TRY IT: An exact reproduction of the listing is wanted, with the pictures dropped.

━━━ RECORD EXTRACTS

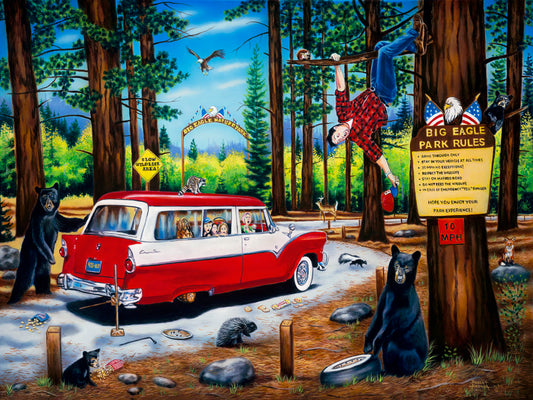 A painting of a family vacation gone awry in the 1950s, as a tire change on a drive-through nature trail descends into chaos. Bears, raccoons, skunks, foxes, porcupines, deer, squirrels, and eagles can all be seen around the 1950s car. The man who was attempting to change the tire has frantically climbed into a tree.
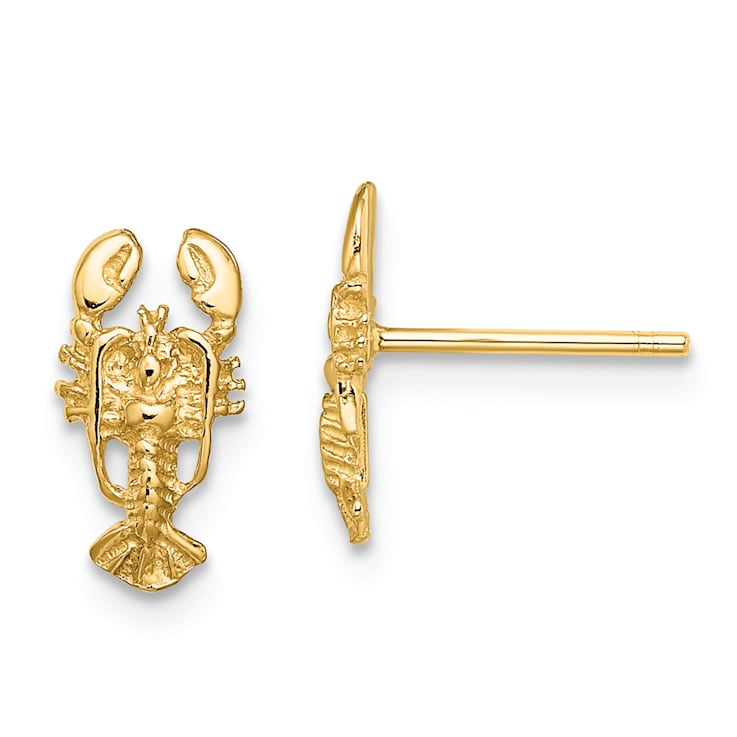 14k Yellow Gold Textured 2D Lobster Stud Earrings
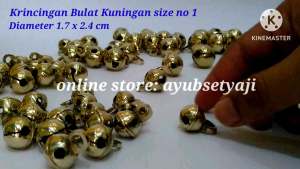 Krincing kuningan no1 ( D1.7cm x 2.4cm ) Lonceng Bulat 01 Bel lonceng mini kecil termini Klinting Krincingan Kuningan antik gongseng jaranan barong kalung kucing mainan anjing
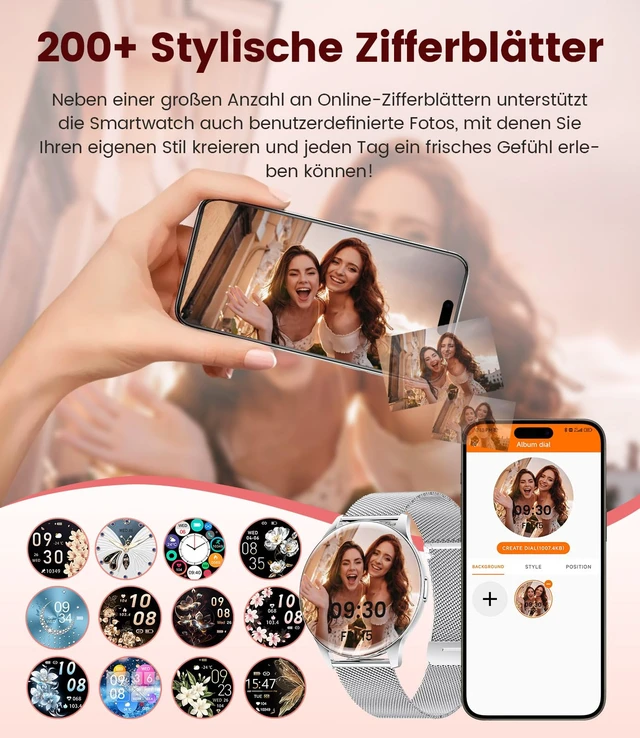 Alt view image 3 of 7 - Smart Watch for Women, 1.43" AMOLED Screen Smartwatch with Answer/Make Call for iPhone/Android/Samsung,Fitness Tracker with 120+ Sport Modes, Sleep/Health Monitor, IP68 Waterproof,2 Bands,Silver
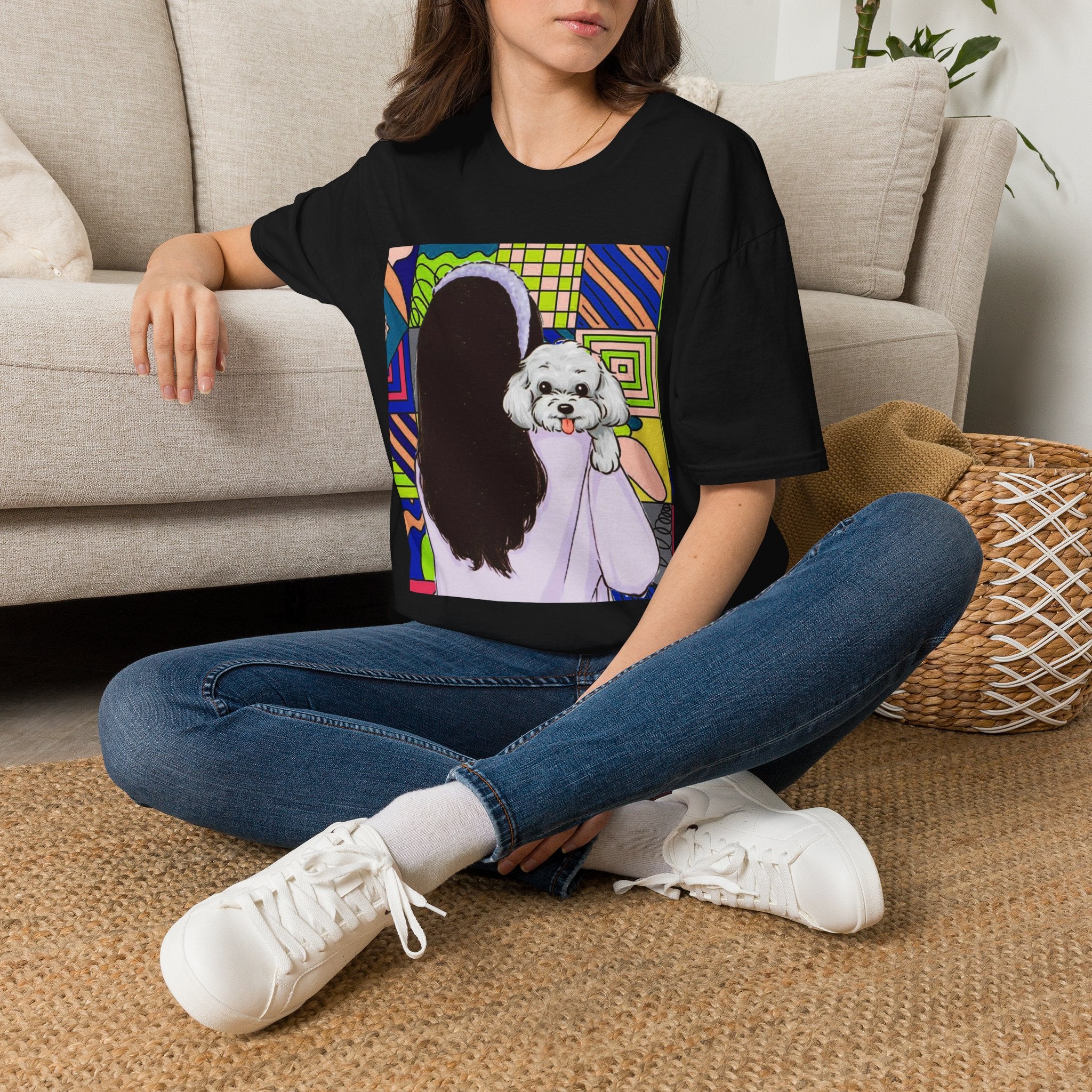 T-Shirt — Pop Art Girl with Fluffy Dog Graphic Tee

━━━━━━

THE ANSWER:
 A painting of a family vacation gone awry in the 1950s, as a tire change on a drive-through nature trail descends into chaos. Bears, raccoons, skunks, foxes, porcupines, deer, squirrels, and eagles can all be seen around the 1950s car. The man who was attempting to change the tire has frantically climbed into a tree.
 14k Yellow Gold Textured 2D Lobster Stud Earrings
 Krincing kuningan no1 ( D1.7cm x 2.4cm ) Lonceng Bulat 01 Bel lonceng mini kecil termini Klinting Krincingan Kuningan antik gongseng jaranan barong kalung kucing mainan anjing
 Alt view image 3 of 7 - Smart Watch for Women, 1.43" AMOLED Screen Smartwatch with Answer/Make Call for iPhone/Android/Samsung,Fitness Tracker with 120+ Sport Modes, Sleep/Health Monitor, IP68 Waterproof,2 Bands,Silver
 T-Shirt — Pop Art Girl with Fluffy Dog Graphic Tee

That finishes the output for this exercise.